Puede que eso no sea cierto, pero a mí me gusta pensar en lo que puede estar pasando en las vidas de las personas que se cruzan en mi camino. La que sí visita el puerto soy yo, pero desde otra perspectiva. Gracias a la invitación de una amiga colombiana que trabaja cerca del Museo de Historia de Cataluña, pude observar desde otra terraza una parte diferente de Barcelona.

Desde allí se ven las palmas y el mar. Yates con nombres como HBOL, con banderas de diferentes países y espacio hasta para parquear helicópteros. Escucho uno precisamente mientras disfruto de un café con una galleta de chocolate. El color que predomina, aparte del azul del cielo, es el blanco impoluto de los barcos gigantes que están a nuestros pies, o en este caso, en el agua bajo nosotras.

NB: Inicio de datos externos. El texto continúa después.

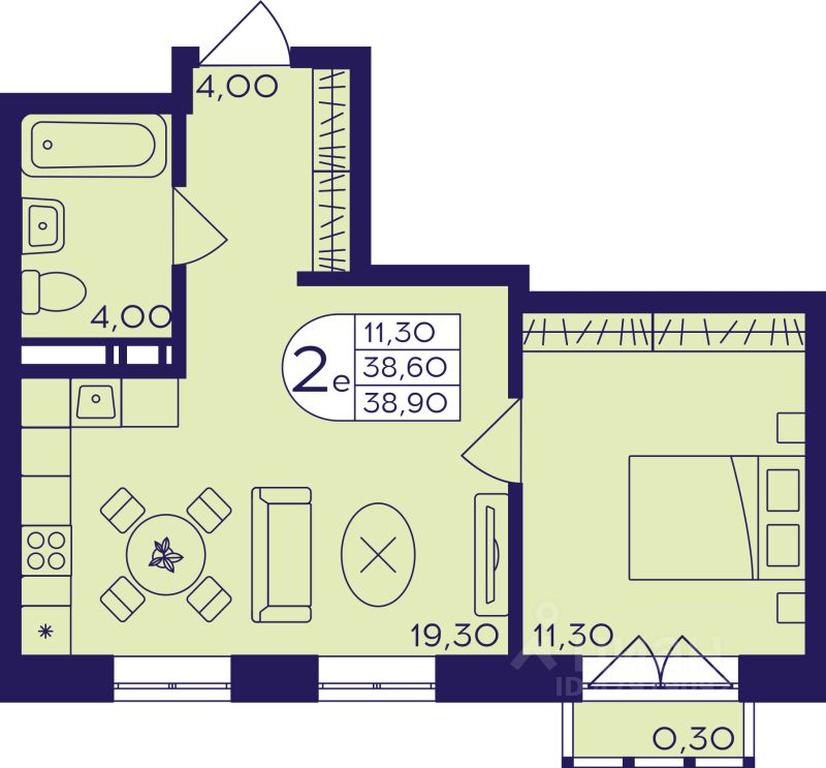 Продажа 1-комн. квартиры, 38,9 м² в ЖК «Героев», проспект Героев, микрорайон Железнодорожный, Балашиха, Московская область, Россия #1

Hacia el frente se ve la montaña de Montjuic y la torre del castillo. Hacia mi espalda, las nubes grises que auguran un aguacero. Hacia mi derecha, la ciudad, pero en primer plano un edificio antiguo, de fachada amarilla pastel. Alcanzo a ver la iglesia del Tibidabo, que está siempre presente y las torres sin terminar de la famosa Sagrada Familia. Veo una bandera de España y una escultura vertical de Joan Miró. Escucho gritos de niños y no veo muchas gaviotas, a pesar de la cercanía con el agua. El paseo de palmas que llega al monumento de Colón y los carritos rojos del teleférico del puerto me despiden y me mandan a casa con la ilusión y la promesa de montar en ellos para seguir recorriendo Barcelona desde las alturas.